A Simon Fraser University-led study of more than 31,000 B.C. offenders has found that offenders with mental disorders are not as strongly associated with repeating crime as may be commonly thought. Meanwhile the odds of recidivism are significantly higher among those with substance use or co-occurring disorders.
The study, published this week in the American Psychological Association's (APA) journal Psychology, Public Policy and Law, suggests that addiction is the main driver of reconviction among the so-called psychological or psychiatric disorders.
The researchers say better treatment for substance use problems, a greater focus on specific types of mental disorders, and a debunking of the stigma regarding people experiencing mental illness are needed.
"This adds strength to the emerging conclusion that non-substance-related mental disorders are, as a group, less likely to predict recidivism than substance use disorders," says SFU PhD student Stefanie Rezansoff, who led the research team.
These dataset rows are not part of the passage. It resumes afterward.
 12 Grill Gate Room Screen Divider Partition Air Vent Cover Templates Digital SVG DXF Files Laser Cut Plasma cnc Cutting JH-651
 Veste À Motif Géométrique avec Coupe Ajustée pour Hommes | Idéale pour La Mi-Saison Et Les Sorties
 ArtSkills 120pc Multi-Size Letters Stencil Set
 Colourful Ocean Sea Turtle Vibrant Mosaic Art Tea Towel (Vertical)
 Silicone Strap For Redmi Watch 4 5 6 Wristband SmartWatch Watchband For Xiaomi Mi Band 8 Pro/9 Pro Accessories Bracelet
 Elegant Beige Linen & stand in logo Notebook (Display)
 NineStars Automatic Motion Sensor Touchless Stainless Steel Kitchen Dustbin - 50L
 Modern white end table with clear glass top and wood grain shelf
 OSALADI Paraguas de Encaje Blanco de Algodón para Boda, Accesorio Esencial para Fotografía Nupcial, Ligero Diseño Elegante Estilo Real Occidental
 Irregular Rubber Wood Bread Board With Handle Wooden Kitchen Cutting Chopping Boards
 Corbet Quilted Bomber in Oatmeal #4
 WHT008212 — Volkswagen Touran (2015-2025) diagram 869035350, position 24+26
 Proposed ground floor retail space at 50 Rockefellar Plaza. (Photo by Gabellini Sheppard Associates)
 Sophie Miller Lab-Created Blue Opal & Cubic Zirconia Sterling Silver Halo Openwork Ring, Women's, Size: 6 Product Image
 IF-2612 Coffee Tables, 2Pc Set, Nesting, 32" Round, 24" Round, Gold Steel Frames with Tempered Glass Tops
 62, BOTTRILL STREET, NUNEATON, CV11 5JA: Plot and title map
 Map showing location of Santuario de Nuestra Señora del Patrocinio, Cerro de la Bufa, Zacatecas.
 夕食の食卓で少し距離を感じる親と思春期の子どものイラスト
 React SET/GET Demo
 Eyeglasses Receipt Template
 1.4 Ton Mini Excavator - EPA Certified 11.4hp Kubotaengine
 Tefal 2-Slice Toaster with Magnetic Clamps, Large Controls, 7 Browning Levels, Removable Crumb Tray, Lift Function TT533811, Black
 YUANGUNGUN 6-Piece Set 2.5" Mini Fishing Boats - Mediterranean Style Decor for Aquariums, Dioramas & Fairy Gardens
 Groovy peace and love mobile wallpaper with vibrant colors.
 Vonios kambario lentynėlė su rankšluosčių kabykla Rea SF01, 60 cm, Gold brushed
Rezansoff, an SFU dean's convocation medalist, has a doctoral research fellowship from the Canadian Institutes for Health Research (CIHR) and a fellowship from Intersections of Mental Health Perspectives in Addictions Research Training (IMPART). She also received this year's 1989 Commemorative Ecole Polytechnique Doctoral Award from the Canadian Federation of University Women
The offenders were convicted and serving sentences throughout B.C. The two-year study was undertaken as a large-scale collaboration between the provincial government and SFU to examine interactions between health and public safety.
It's the first study of its kind to use such a large and diverse sample, says Julian Somers, an SFU health sciences professor on the research team. "This study highlights the fact that substance use problems are associated with reoffending," he says.
"These individuals are already being identified by the health care system. If they received better and more effective treatment then perhaps they would offend less often. This shows that healthcare does have an impact on public safety."
The researchers say targeted, evidence-based partnerships between the health and corrections sectors are needed.
In another major study published today, researchers found that providing support for homeless people with mental illness via a Housing First approach leads to significantly lower rates of crime than if they receive typical care from city services.
Somers says it's the first evidence that housing and support are effective in crime reduction. More than 500 homeless people and numerous collaborators, representing agencies serving the homeless, took part in the Vancouver-based study.
The paper marks a major contribution internationally towards demonstrating the relationship between homelessness and crime, Somers adds, noting that further publications are expected from the nearly $30 million research project over the next year.
The study, "Housing First Reduces Re-offending among Formerly Homeless Adults with Mental Disorders: Results of a Randomized Controlled Trial" is published today in the journal PLOS ONE.